116 3rd St SE
Cedar Rapids, Iowa 52401
CEDAR RAPIDS — A rental house gutted in a 2017 fire that since has been an eyesore — not to mention a safety and health hazard — in the Wellington Heights neighborhood finally will be demolished in a few months and replaced with a new affordable home thanks to a nonprofit that helps men retool their job and life skills.
The property at 1504 Sixth Ave. SE will be demolished as soon as the building and demolition permits are secured, said Ron Ziegler, executive director of Hope Community Development Association. The Cedar Rapids-based nonprofit has two purposes for building the new home and putting it on the market: to help revitalize the neighborhood and provide Hope Community participants — men facing employment barriers — with job training.

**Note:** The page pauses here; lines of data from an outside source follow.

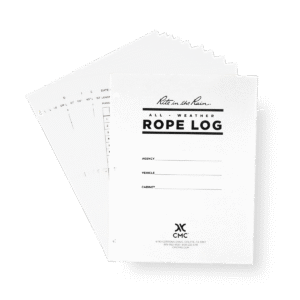 CMC Rope Log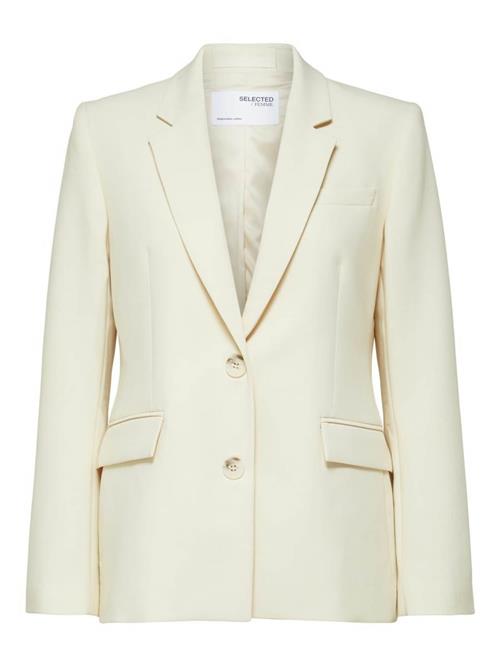 SELECTED FEMME Blazer 'SLFRita'  creme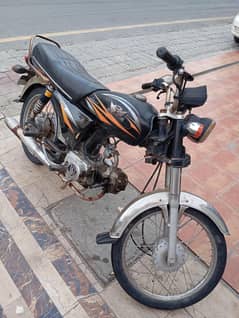 70 cc Road prince bic for sale
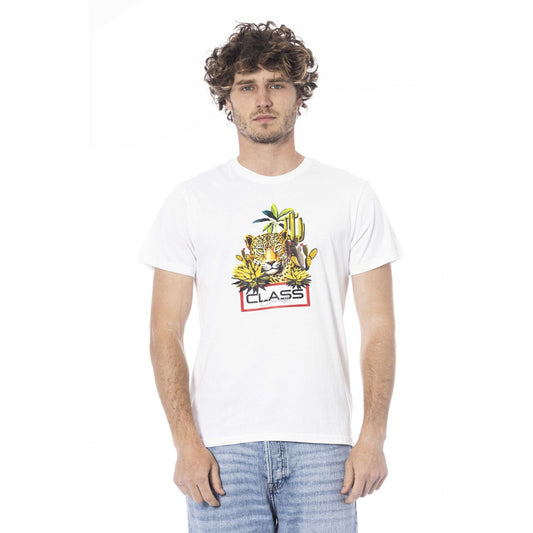 Cavalli Klasse T-shirts 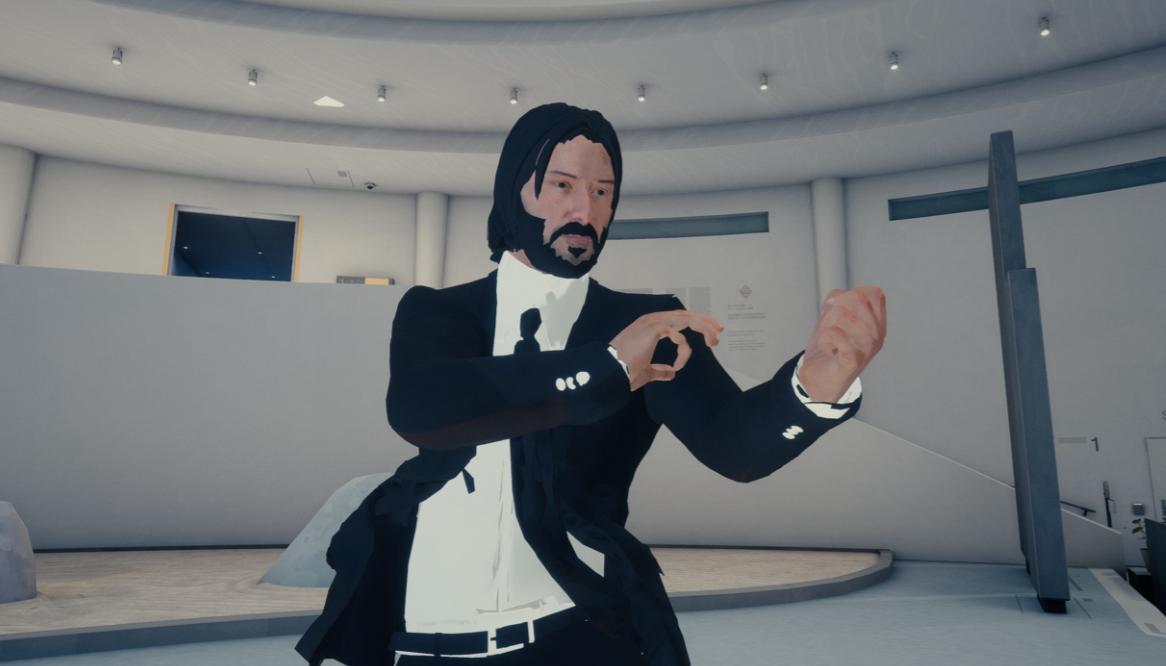 《师父》所有人都是基里努维斯MOD截图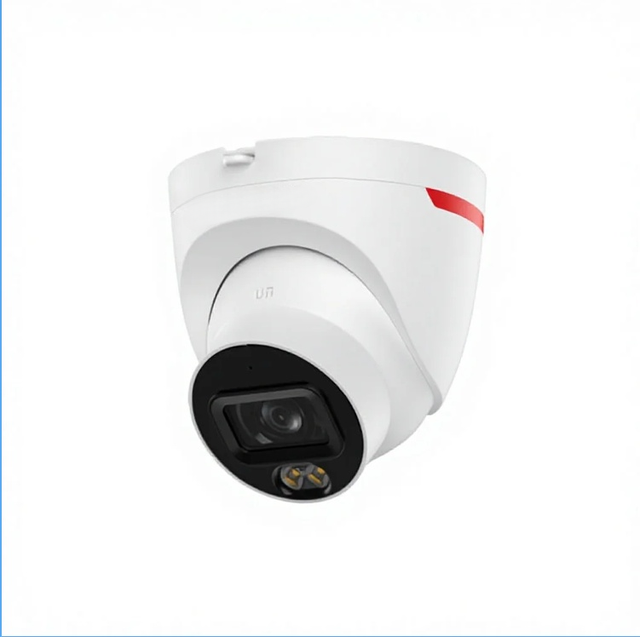 Night Vision King -4 million AI full-color fixed focus Conch network camera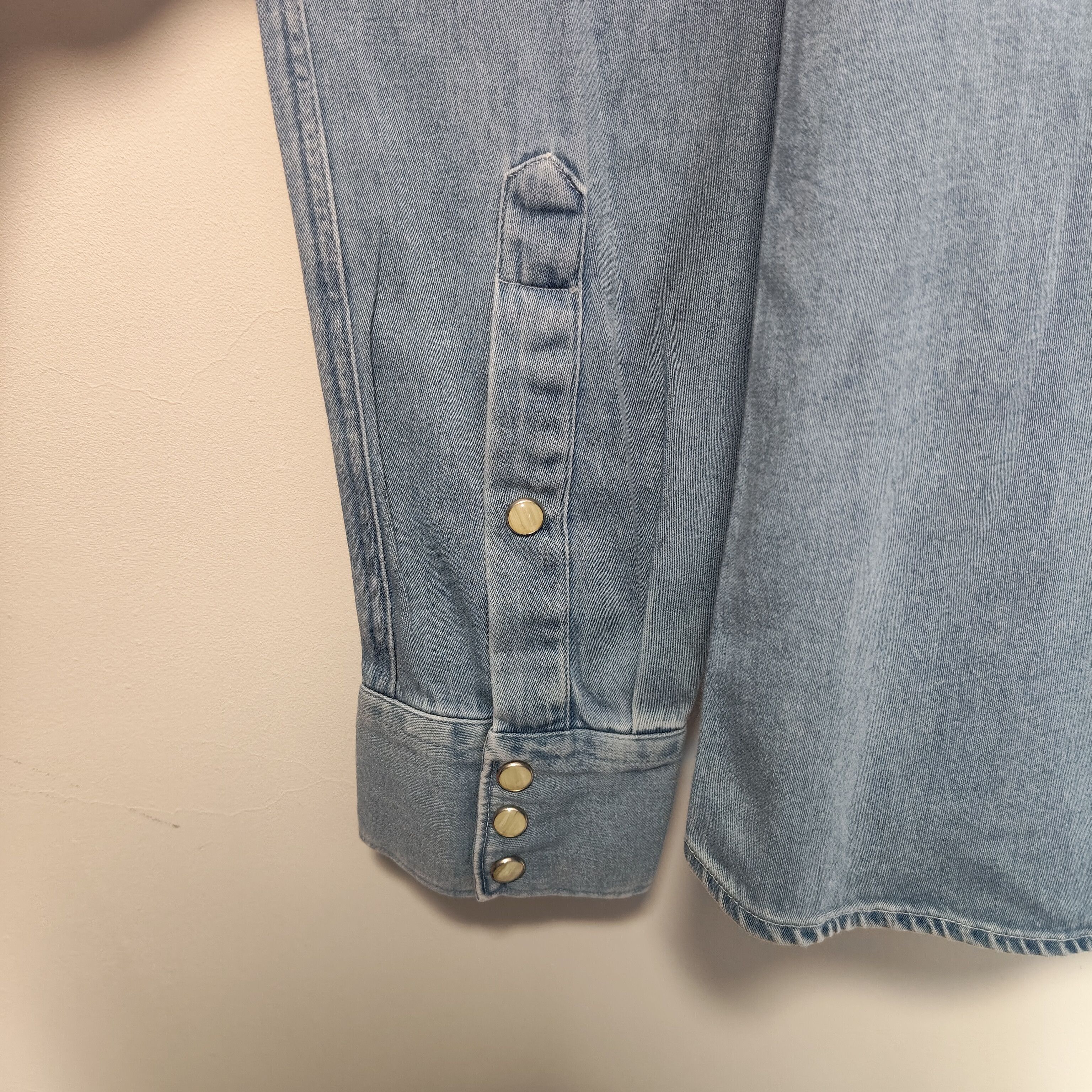 Acne Studios Denim shirt Size US M / EU 48-50 / 2 - 6 Thumbnail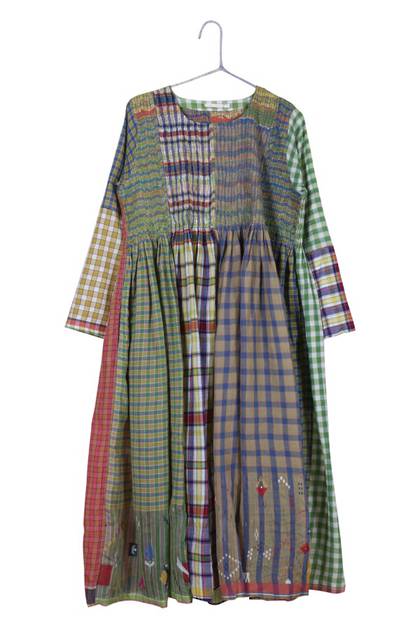 Injiri Dress - design n° 10 (sold)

Ziegler said part of the Christian-based nonprofit’s mission is to rehab properties or build from scratch, like in this case, and make homes affordable for lower-income families. The organization has built or renovated 11 properties in neighborhoods including Wellington Heights, Oakhill Jackson and Mound View since Hope Community was created in 2011.
The organization received a $100,000 federal grant, administered through the city, that will help make this house a reality. The nonprofit worked with the city after it received the funds to meet the federal requirements.
“I drove by this one every day and knew it would take a lot of grant money,” Ziegler said. “I knew there would be challenges of how to make it work economically. Most of the rehab will be done by the men in the training program but we have to sub out some work — electrical and other skilled work.”
About $65,000 will go to this project and the rest will be used on another house Hope Community is working on, Ziegler said. The demolition likely will be more costly on the burned property because of the fire damage. There are environmental and asbestos concerns, he noted.
The city of Cedar Rapids was aware of the demolition expenses needed, which could be significant — about $20,000 or more, and had been working with the owners, Deborah and Edward Morehouse, who lived in Guttenberg, to take care of the demolition themselves, said Kevin Ciabatti, director of the city’s Building Services.
It should be the owner’s responsibility to demolish the property, he said, but if no progress has been made the city could have gone to court and asked for a demolition order.
According to the city’s timeline of this property, the fire was Oct. 6, 2017, and the rental was vacant at the time. An inspection was made and the owners were notified a few days later to repair or demolish it.
A final order to repair or demolish was issued to the owners in January 2018. The city allows owners some time to get permits and shut off utilities and other preliminary work, Ciabatti said. But the owners had issues with an excavation company they hired and ran into some sewer issues, according to the timeline.
In November 2018, the city filed a municipal infraction and took the Morehouses to small claims court, according to court documents. The owners didn’t show up for court dates, and in May 2019 a judge found them in default and assessed them a $3,000 fine.
At some point in 2019, their son got involved and eventually found a buyer — Hope Community, which purchased the property for $400 in March, according to the timeline and the Linn County Assessor’s Office documents.
Tracking dilapidated properties
Emily Breen, the city’s public services communications specialist, said the process takes time to deal with vacant and dilapidated properties. In July 2015, the city added a chapter to the housing code to track these properties.
There have been 114 vacant properties documented, as of April 1, each in varying degrees of compliance, Breen said. The city works with the owners on a case-by-case basis. Many times, the property changes owners; permits allow up to one year to make repairs; the court allows time to make repairs, which can be extended for a legitimate need; and court authorization is required to demolish homes — typically reserved for houses in the worst conditions.
“Property owners get a lot of opportunities and there are a lot of protections for property owners,” Breen said.
Between March 2016 and last month, not including derecho-related demolitions, there have been 65 structures in Cedar Rapids up for demolition or restoration and all those led to demolition, Ciabatti noted. Of those, 35 property owners complied and demolished the properties themselves, and the city received a court order to demolish 13. The remaining cases are still in progress.
Ziegler said neighbors will start seeing some progress once the burned house is demolished in a few months. But Hope Community’s house building projects usually take longer than usual because men in the training program aren’t skilled builders and construction workers. There are only seven men in the program, along with a skilled construction manager and supervisor. The house construction may take about a year, he estimated.
Ziegler hopes to add more men in the program, which would help on this project. There have been 54 men in all in the program since it started. They all had employment barriers, many of them just out of prison or community corrections.
Ziegler said about a fourth of those graduated the 12-month training program since it started. Some are successful and some are not. Hope Community has program houses where some of the participants live, which has aided in their progress by being in a stable and positive environment.
Many have felony backgrounds or struggle with substance abuse issues, Ziegler said. Most grew up in a poverty cycle with absent fathers or in “broken single parent” homes.
The program also focuses on teaching life skills — working on attendance, attitude and work ethic — to help the men succeed in society.